Regarding caspase 3 results, the statistical analysis revealed highly significant increase in the mean values of groups II and subgroups IIIA and IIIB 3 days post transplantation compared to the control group I (P ˂0.05), however, there was no statistically significant difference between groups II, IIIA and IIIB (P ˃0.05). Followed by decline in the mean values in subgroups IIIA and IIIB 1 week post transplantation, producing highly significant difference compared to group II (P ˂0.05), however, there was no statistically significant difference between groups IIIA and IIIB (P ˃0.05).
At 2 weeks post transplantation, group II showed the statistically significantly highest mean caspase 3 expression, followed by group IIIB, IIIA and group I. The statistical difference between the groups was highly significant (HS) (P ˂0.05). The difference was statistically highly significant in groups II and IIIB compared to control group I, in subgroups IIIA and IIIB compared to group II and between subgroups IIIA and IIIB (P ˂0.05). However, there was no statistically significant difference between groups I and IIIA, where the mean value in this subgroup almost reached the control values (P ˃0.05).
Concerning c-kit expression, at 3 days post transplantation, subgroup IIIB showed the statistically significantly highest mean c-kit expression, followed by group II, subgroup IIIA and group I. The statistical difference between the groups was insignificant (NS) (P ˃ 0.05). At 1 week post transplantation, subgroup IIIB showed the statistically significantly highest mean c-kit expression, followed by subgroup IIIA, group II and control group I. The statistical difference between the groups was significant (S) (P ˂0.05). The difference was statistically significant in subgroup IIIB compared to control group I, and in subgroup IIIB compared to group II (P ˂0.05), however, there was no statistically significant difference between control group I, group II, and subgroup IIIA and between subgroups IIIA and IIIB (P ˃0.05).

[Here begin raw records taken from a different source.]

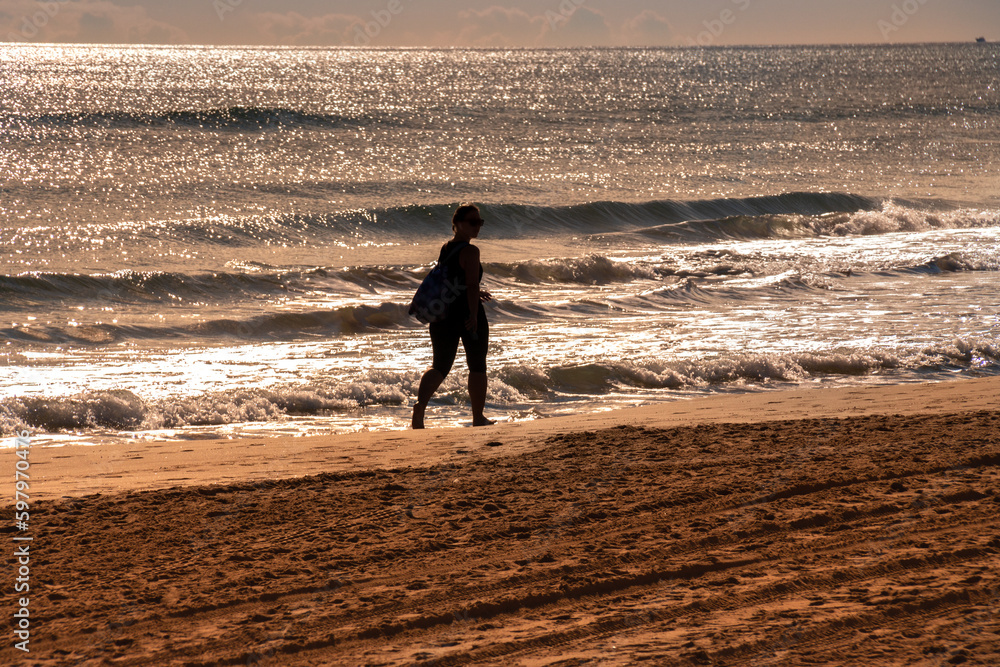 Φωτογραφία Silueta de mujer paseando por la orilla de la playa con un brillante amanecer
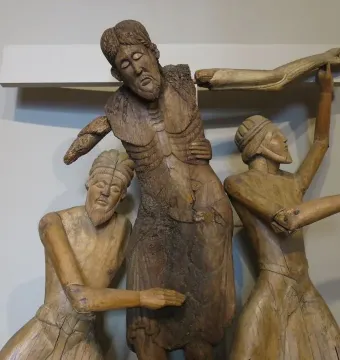 Central figures from the Descent from the Cross sculpture, with a bearded man supported by two robed figures beside a white cross.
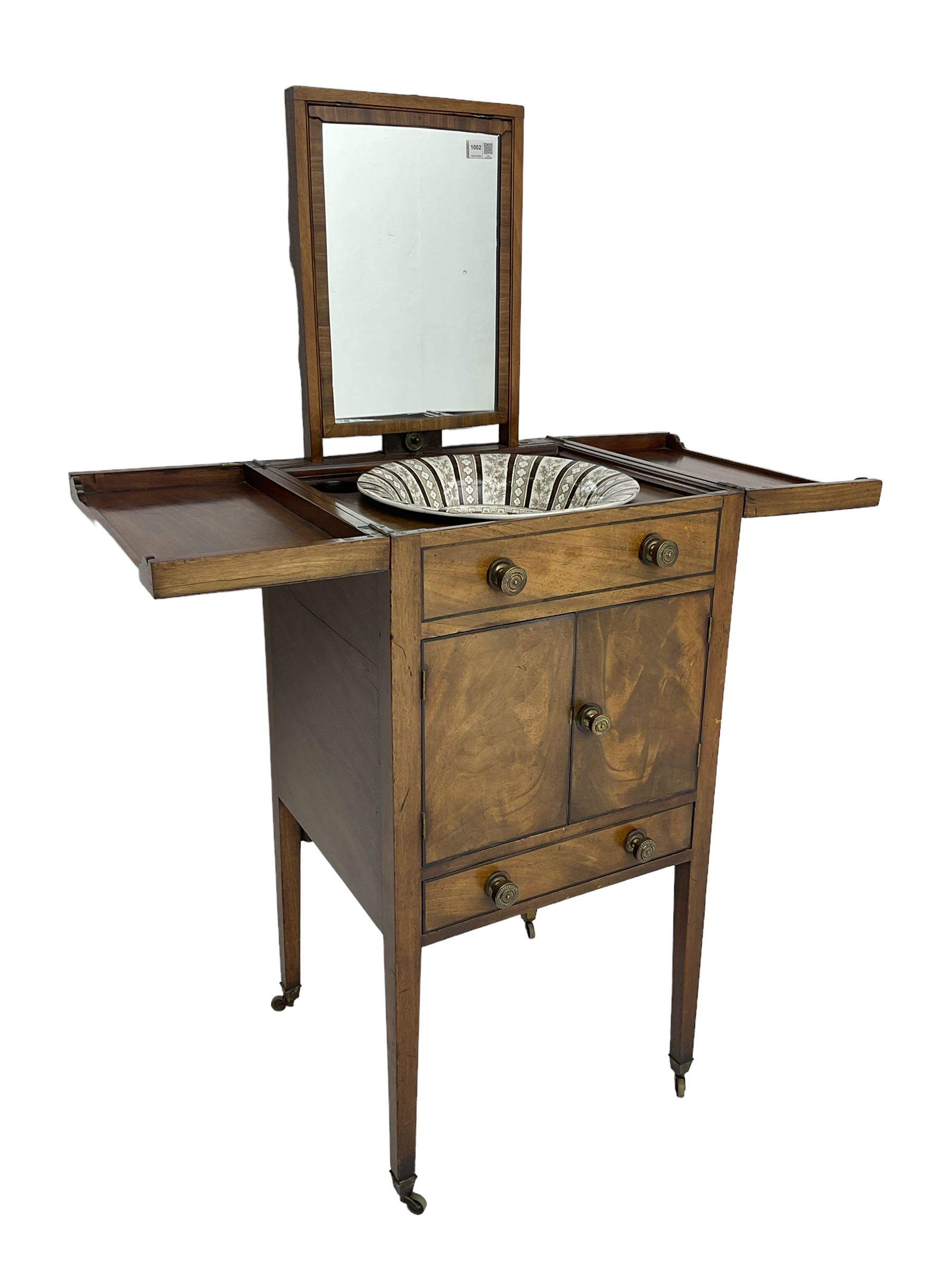Georgian mahogany washstand cabinet, the double hinged lid opens to reveal wash basin and lift up tilting mirror, false drawer over double cupboard and drawer, on square supports with brass cups and castors
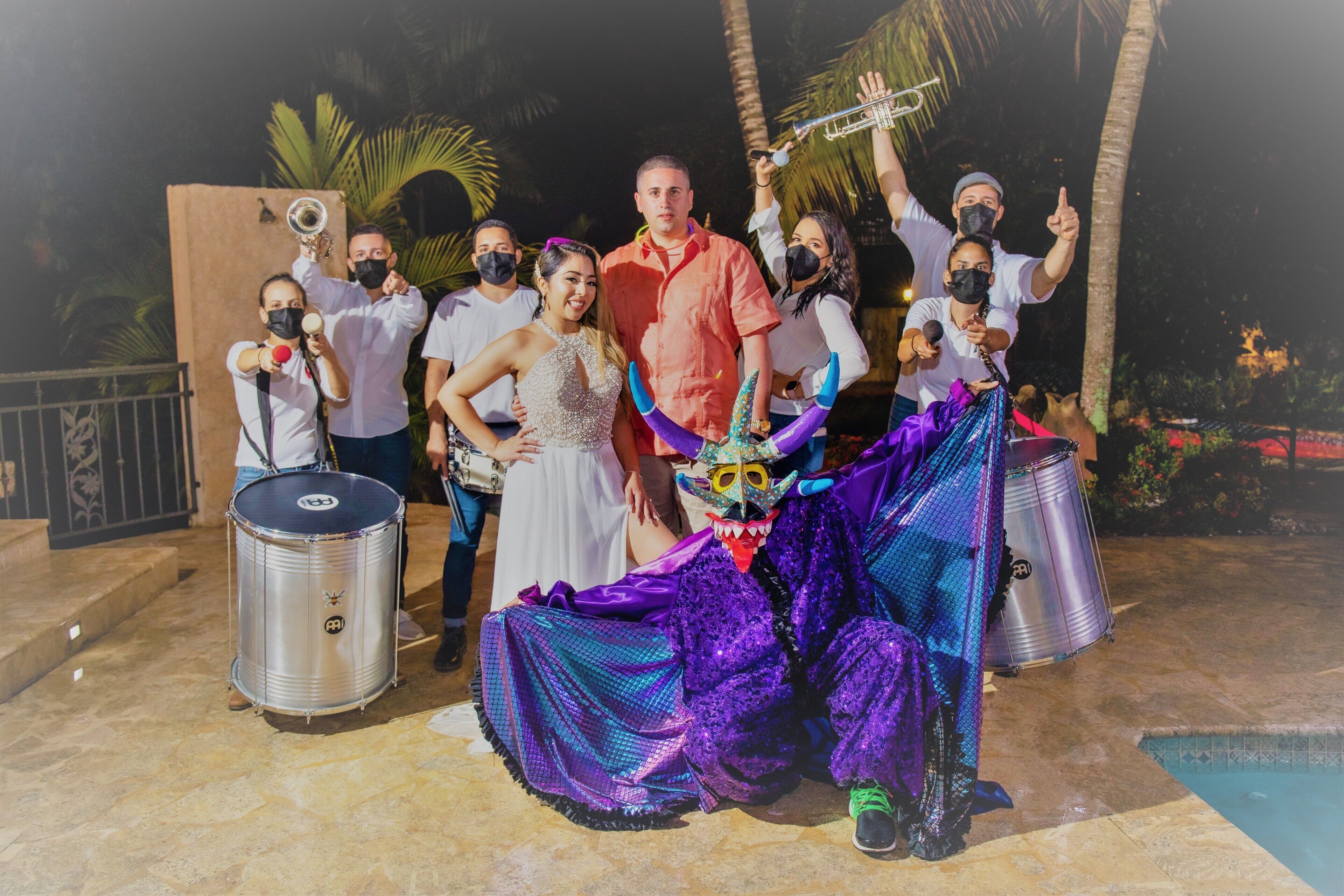 A group of people in a festive setting with musical instruments and a decorative mask.
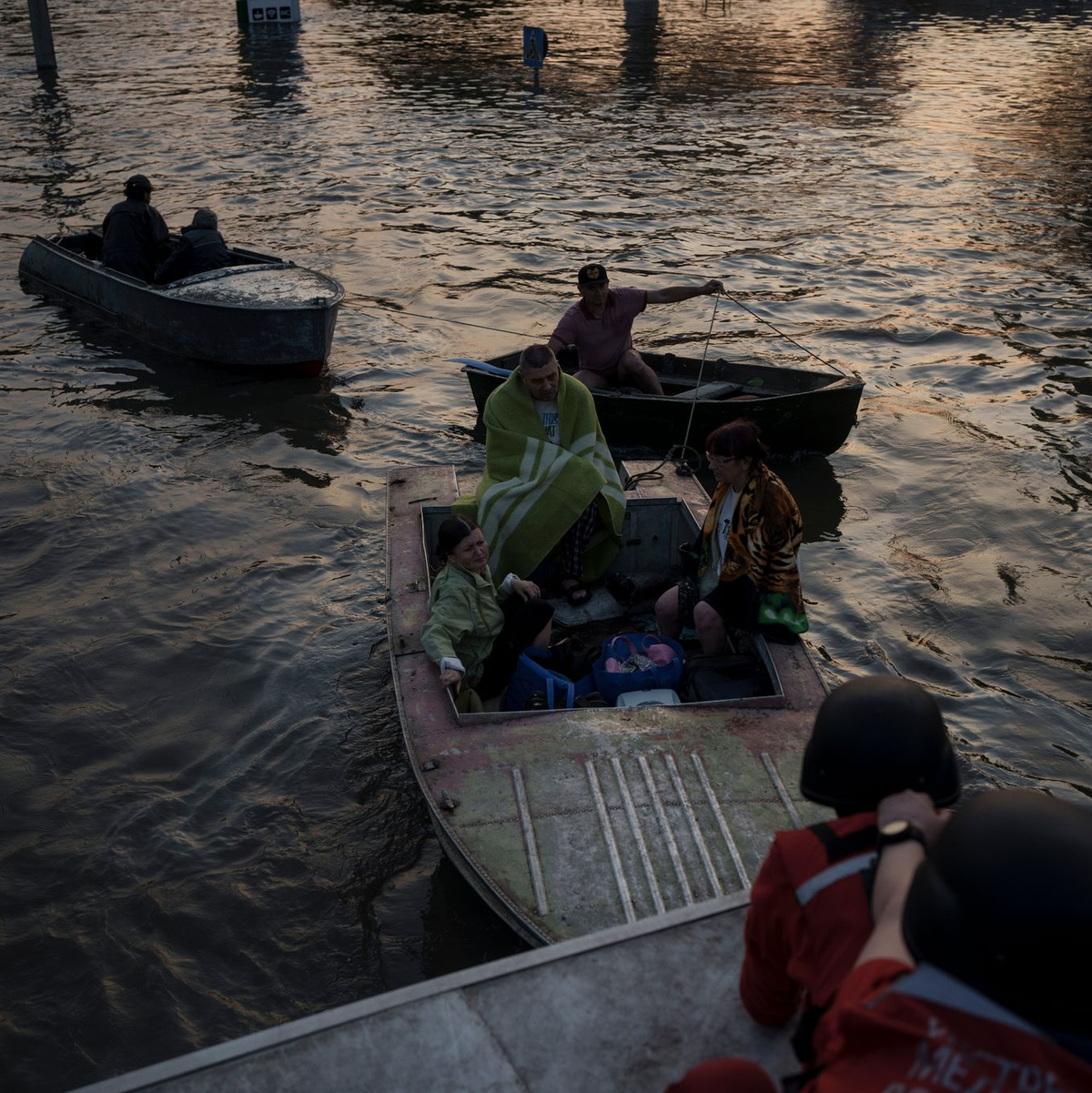 Rettungskräfte versuchen, Boote mit Bewohnern abzuschleppen. - Foto: Felipe Dana/AP/dpa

At 2 weeks post transplantation, group II showed the statistically significantly highest mean c-kit expression, followed by subgroups IIIA, IIIB and control group I. The statistical difference between the groups was insignificant (NS) (P ˃0.05).
Finally, it can be concluded that transplantation of these c-kit+ SMSGSCs could result in amelioration of the severely reduced quality of life of surviving cancer patients.